On November 19th we will be a pair of the over 9,000 participants in El Tour de Tucson, the 111 mile version.  Gene has been riding for about three months but had not yet done a century ride.  I'd not done one before three weeks ago.  Neither of us are accomplished riders.  To prepare we decided to explore the route to know how to plan our race day strategies.

Last night a winter storm blew in keeping me up most of the night.  The wind was incredible.  Today was to have a high in the upper 50's with a cool wind throughout the day.  Beautiful riding weather, but a bit chilly for us Arizonans.

We left my in-laws' house at about 8 am (they live just a mile from the race route), and headed south towards downtown Tucson.  A mile from the house I realized I forgot the map.  We turned around and I looked all over the house before finding it ... in my rear pouch.

Again we headed out and froze.  Road spray and puddles, wind and cool desert morning air had us feeling like we were in the lettuce crisper.  The road turned rough and was full of debris blown from last night's storm.  As the day warmed, though, the beauty revealed by the storm would far overshadow our cold first two hours of riding.
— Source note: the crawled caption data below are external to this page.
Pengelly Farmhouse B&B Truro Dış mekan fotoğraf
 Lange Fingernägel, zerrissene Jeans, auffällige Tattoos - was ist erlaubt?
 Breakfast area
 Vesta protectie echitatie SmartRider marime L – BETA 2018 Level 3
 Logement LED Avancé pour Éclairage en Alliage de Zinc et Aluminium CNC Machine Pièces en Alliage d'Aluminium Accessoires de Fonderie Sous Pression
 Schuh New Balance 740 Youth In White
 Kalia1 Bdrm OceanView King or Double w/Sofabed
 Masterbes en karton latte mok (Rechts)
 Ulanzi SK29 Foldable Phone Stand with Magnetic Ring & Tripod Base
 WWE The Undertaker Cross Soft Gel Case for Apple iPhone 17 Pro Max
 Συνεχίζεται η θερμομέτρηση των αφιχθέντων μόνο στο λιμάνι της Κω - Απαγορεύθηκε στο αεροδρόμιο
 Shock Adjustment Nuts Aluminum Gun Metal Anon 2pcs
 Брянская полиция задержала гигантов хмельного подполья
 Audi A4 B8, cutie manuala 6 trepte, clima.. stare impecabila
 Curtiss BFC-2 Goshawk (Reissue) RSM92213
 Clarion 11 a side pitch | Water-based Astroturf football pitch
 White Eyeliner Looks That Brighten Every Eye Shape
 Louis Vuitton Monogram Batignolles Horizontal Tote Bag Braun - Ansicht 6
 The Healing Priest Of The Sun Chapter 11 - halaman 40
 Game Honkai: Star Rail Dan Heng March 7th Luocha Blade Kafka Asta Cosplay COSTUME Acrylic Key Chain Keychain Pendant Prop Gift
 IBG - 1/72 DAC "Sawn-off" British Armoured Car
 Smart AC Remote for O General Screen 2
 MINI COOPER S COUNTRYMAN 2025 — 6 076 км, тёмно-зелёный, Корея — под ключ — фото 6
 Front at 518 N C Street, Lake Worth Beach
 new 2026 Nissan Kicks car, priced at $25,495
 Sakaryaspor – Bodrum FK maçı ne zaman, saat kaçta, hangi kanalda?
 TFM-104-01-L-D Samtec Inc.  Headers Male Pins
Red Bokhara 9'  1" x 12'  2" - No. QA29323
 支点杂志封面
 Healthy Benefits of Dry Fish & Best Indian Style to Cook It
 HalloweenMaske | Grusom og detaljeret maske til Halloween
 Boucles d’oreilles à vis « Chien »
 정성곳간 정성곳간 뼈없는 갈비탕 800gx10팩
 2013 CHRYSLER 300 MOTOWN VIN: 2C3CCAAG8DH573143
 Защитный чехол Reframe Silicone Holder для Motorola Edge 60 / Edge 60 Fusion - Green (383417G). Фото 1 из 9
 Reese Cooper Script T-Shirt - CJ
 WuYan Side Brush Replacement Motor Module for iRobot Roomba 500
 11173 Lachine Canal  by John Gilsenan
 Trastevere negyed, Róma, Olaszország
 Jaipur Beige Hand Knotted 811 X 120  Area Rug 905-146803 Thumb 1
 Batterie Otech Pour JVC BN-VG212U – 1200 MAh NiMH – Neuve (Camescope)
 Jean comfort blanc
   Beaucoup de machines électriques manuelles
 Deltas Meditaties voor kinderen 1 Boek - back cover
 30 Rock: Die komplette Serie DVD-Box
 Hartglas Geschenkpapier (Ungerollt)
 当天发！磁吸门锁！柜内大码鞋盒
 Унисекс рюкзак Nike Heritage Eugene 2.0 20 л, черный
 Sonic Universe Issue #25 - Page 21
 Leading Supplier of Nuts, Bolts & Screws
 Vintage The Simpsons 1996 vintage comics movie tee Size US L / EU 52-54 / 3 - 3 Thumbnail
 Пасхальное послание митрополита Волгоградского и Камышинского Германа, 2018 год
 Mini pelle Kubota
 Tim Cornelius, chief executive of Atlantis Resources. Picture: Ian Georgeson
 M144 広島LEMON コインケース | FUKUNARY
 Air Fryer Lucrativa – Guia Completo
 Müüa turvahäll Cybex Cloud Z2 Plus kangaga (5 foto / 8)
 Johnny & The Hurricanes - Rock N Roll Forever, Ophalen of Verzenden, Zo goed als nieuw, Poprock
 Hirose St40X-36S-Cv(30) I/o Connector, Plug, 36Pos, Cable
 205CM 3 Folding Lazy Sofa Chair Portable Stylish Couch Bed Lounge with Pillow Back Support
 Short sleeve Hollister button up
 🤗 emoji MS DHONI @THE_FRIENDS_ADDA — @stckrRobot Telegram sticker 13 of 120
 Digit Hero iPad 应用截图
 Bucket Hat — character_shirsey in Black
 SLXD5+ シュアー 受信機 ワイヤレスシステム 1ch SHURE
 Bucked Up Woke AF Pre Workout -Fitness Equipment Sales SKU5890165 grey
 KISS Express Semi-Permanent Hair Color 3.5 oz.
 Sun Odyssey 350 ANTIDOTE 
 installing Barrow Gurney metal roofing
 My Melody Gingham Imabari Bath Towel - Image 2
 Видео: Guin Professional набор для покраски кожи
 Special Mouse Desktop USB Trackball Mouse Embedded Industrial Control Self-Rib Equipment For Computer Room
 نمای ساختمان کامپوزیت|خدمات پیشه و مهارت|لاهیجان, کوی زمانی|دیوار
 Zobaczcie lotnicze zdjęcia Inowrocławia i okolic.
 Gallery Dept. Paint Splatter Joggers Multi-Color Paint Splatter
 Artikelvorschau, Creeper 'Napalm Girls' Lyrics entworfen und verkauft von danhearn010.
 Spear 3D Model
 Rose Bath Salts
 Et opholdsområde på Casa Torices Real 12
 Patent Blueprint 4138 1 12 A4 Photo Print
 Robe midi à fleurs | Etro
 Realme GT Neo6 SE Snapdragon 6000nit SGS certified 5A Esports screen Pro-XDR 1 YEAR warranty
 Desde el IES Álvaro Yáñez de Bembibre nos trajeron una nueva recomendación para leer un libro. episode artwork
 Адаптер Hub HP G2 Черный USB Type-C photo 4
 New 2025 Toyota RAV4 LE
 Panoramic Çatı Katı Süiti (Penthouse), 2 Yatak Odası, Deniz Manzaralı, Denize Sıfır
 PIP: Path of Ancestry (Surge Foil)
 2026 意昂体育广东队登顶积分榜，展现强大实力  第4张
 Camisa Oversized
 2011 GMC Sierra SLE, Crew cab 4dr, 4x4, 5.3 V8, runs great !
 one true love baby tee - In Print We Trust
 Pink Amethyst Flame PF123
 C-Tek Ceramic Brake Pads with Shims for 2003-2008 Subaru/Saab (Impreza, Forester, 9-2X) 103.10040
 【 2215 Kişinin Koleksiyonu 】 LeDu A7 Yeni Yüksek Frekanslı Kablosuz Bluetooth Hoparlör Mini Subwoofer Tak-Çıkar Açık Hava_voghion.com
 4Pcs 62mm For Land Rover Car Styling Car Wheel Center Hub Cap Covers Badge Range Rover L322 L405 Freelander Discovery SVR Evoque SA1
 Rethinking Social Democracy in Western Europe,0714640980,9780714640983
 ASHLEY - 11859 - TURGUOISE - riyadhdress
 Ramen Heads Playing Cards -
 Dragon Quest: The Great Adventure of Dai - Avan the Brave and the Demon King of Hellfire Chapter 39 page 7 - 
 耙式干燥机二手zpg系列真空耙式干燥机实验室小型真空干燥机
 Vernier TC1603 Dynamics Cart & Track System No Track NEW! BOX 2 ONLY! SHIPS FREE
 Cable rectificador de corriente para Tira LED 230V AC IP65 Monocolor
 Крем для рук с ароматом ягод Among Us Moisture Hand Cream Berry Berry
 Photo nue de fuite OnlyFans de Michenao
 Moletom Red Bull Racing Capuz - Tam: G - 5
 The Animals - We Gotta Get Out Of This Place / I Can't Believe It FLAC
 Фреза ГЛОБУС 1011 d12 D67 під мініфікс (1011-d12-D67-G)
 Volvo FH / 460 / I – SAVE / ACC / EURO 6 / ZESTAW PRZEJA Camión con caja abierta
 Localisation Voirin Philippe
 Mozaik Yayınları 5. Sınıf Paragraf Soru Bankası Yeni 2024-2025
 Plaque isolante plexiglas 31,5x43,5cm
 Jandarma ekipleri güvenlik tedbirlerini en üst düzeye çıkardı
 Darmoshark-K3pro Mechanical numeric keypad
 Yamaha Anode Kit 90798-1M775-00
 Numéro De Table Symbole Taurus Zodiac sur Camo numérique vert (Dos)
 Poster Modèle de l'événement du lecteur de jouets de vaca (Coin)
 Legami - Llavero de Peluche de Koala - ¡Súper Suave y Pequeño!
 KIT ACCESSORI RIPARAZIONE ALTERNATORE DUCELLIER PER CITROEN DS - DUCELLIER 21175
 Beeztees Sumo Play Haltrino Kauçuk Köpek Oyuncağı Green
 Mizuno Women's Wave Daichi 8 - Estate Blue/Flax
We made our way downtown to the race's start, at Armory park.  Riding downtown Tucson is pretty neat as the bike lane is wide, clear and smooth.  As we were leaving Gene's chain jumped off the chain ring, nothing major, but another unplanned stop.  Pretty neat as we turned off of 22nd street we passed a golf cart hauling a trailer.  The driver almost jumped out of his seat due to the shock of a pair of cyclists on his left.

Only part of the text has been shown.